The creation of Altcoins and the blockchain technology involved were not easily attainable nor were they affordable, leading many of these companies and entrepreneurs to engage in Initial Coin Offerings (ICOs), a crowdfunding campaign offering “Tokens” in exchange for the blockchain technologies these companies possess. Ethereum coin is an example of a company that provides such a service to their “investors”, offering them a token called Ether in exchange for the blockchain technology (Ethereum) that they possess.
The growth of ICOs drew the attention of venture capitalists and investors alike, leading to the inevitable rise of fraudulent ICOs and companies providing misleading information to gain funding for their own “campaigns” – something that would never take off. In recent news, a former triad leader who was highly involved in illegal fraud and money laundering schemes, was seen participating in one of Asia’s largest cryptocurrency deals for an ICO bid in Hong Kong , leading many to question the authenticity of ICOs in Asia, a problem that China would not sit on.
Noticing the growing problem of fraud and unregulated services, the Chinese government (People’s Republic of China) has recently announced a series of policies in hopes of weeding out any corruption practices. This includes a nationwide ban on cryptocurrencies to prevent illicit financial cashflows entering into unregulated markets, which has resulted in huge ramifications within the cryptocurrency industry and the Cryptocurrency exchanges across the world. ICOs were banned, Crypto-Exchanges in China were shut down, and the use of cryptocurrencies or any involvement in it were since considered illegal until further notice .
China’s decision to ban cryptocurrency hinged on the fact that cryptocurrencies are not regulated, and its services provided a means of anonymity for those who siphoned money out of the country across unregulated areas under legal requirements. However, cryptocurrencies may yet be welcomed again the moment regulation starts kicking off in the future.
Despite being a part of China after its transfer of sovereignty in 1997, Hong Kong operates differently from China and the ban has not affected its Cryptocurrency exchanges nor the growing ICOs promoted along with it. On the 25th of October, a white paper published by the Hong Kong Monetary Authority (HKMA) focused on regulating the use of cryptocurrencies through the implementation of AML and Counter-financing terrorism issues by increasing cyber security and having extra governance control in compliance related fields. While the implementation of such regulations may require time and the technological audits of such crypto-related platforms involve highly complex and challenging methods, this certainly paves the way for many opportunities within the region’s AML and KYC sectors .
However, the bigger question is, will this suffice?

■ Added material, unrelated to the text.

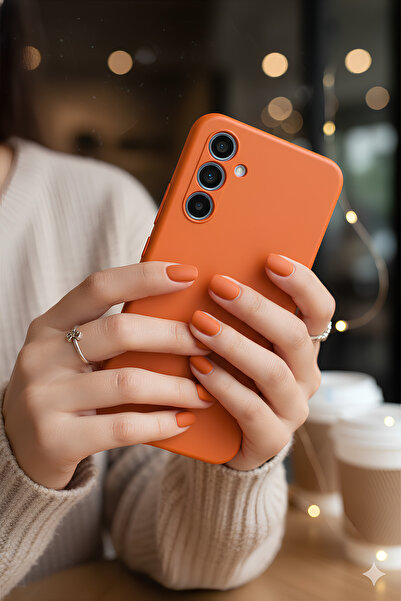 Hatreds Galaxy S22 Kılıf Kadife Tasarımlı Renkli Silikon Kapak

Unlike China’s decision to ban cryptocurrencies completely, Hong Kong chooses to weight out the pros and cons through its own regulatory efforts despite its own share of crypto-related problems - distinguishing itself as an international gateway of trade and finance between the Eastern and Western in the process.
Nevertheless, cryptocurrencies will continue to grow despite the setbacks laid before it. China’s move to crack down on cryptocurrencies may inject strong unwelcoming undercurrents at the present, but this may well set the stage for future better success and the path towards good crypto-governance. Conversely, Hong Kong’s current congenial attitude towards cryptocurrency may eventually be faced with greater regulatory changes in the long-term and may potentially lose out on investor confidence due to inconsistencies. With continued growing acceptance across the world and with governments enforcing stronger, tighter regulations in the form of AML and KYC concepts, the future of Cryptocurrencies is here to stay.